**Supplied data**
******************************

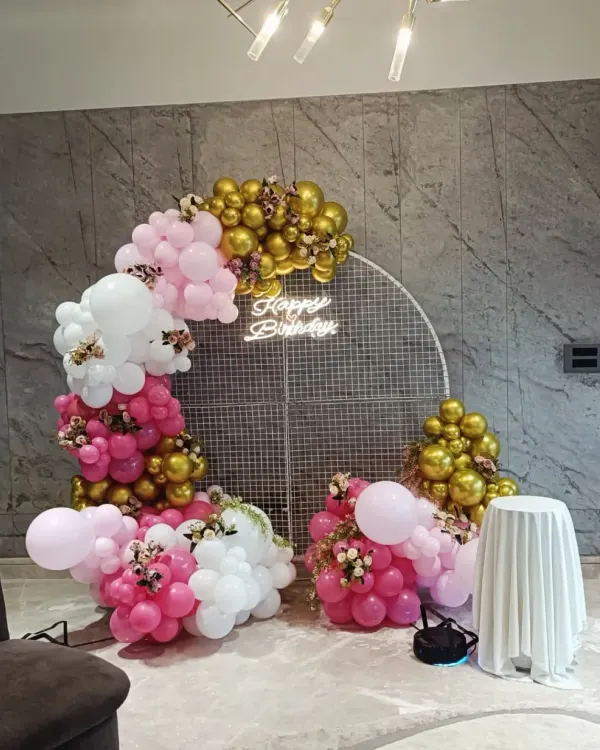 A beautiful circular mesh backdrop decorated with a pink, white, and gold balloon garland. This chic setup includes a 'Happy Birthday' neon sign and is perfect for photos.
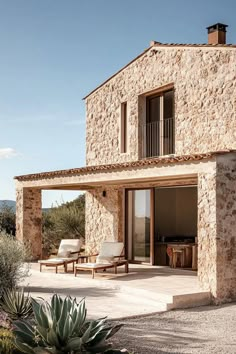 a stone house with an outdoor patio and seating area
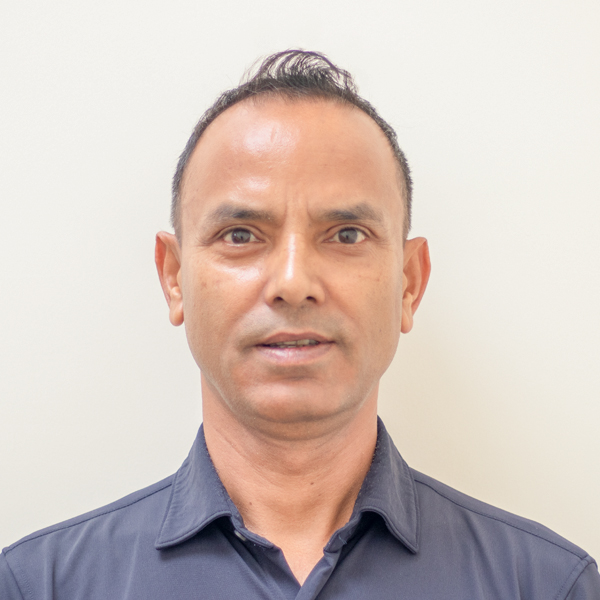 head shot of a smiling Nepalese man called Sushil Baral
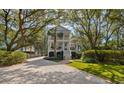 Lovely two-story home with an intricate design, well-maintained landscaping, and spacious driveway at 2863 Jasper Blvd, Sullivans Island, SC 29482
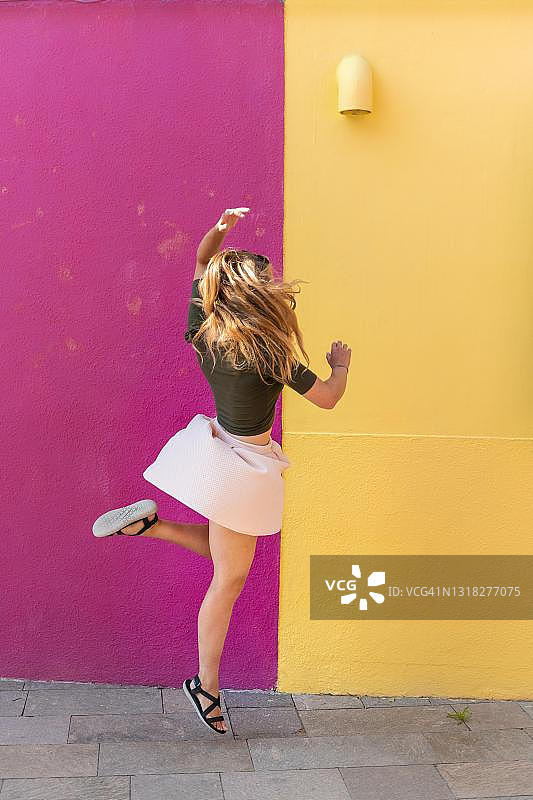 在威尼斯的布拉诺岛，色彩缤纷的房子前快乐跳跃的年轻女子图片素材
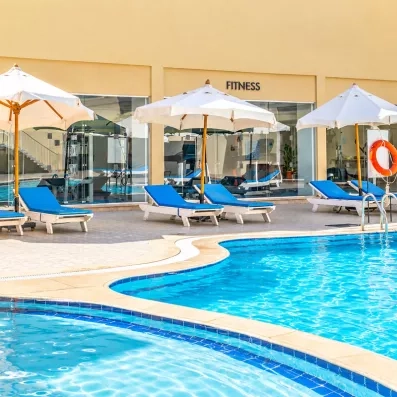 Piscine extérieure avec transats et vue sur la salle de fitness au Mondi Club Seven Seas Jolie Bay.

******************************

**Work task**
Every line of the listing should be repeated exactly; no picture should appear.

**Reply to the exercise**
 A beautiful circular mesh backdrop decorated with a pink, white, and gold balloon garland. This chic setup includes a 'Happy Birthday' neon sign and is perfect for photos.
 a stone house with an outdoor patio and seating area
 head shot of a smiling Nepalese man called Sushil Baral
 Lovely two-story home with an intricate design, well-maintained landscaping, and spacious driveway at 2863 Jasper Blvd, Sullivans Island, SC 29482
 在威尼斯的布拉诺岛，色彩缤纷的房子前快乐跳跃的年轻女子图片素材
 Piscine extérieure avec transats et vue sur la salle de fitness au Mondi Club Seven Seas Jolie Bay.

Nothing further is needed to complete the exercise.